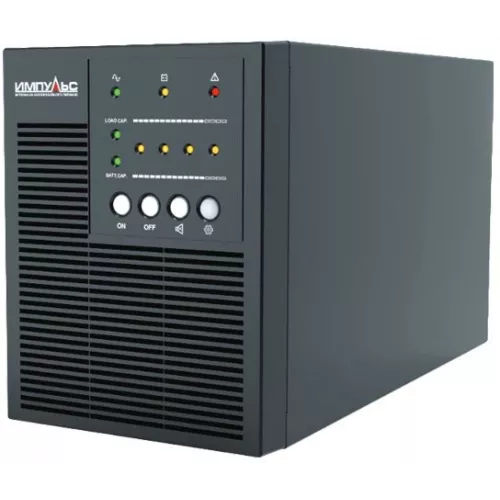 Источник бесперебойного питания Импульс Мини 1000 800Вт 1000ВА черный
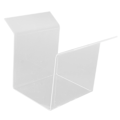 Miniatyrbillede 2 af 8: Ziplock poseholder - poseholder til poser - akryl - håndfri til at hælde rester - madposeholder til køkkenhjem S
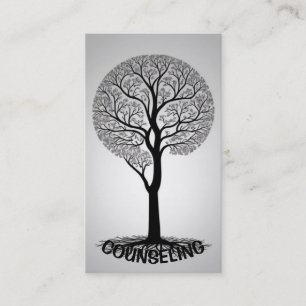 Brain Shaped Tree With Counseling Roots Business Card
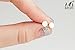 Tiny 3mm Round Sterling Silver Dot Disc Earrings - One Pair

════════════════════

_What to do:_ Everything but the pictures is needed: copy the data above exactly.

_Response to the task:_
 Источник бесперебойного питания Импульс Мини 1000 800Вт 1000ВА черный
 Miniatyrbillede 2 af 8: Ziplock poseholder - poseholder til poser - akryl - håndfri til at hælde rester - madposeholder til køkkenhjem S
 Brain Shaped Tree With Counseling Roots Business Card
 Tiny 3mm Round Sterling Silver Dot Disc Earrings - One Pair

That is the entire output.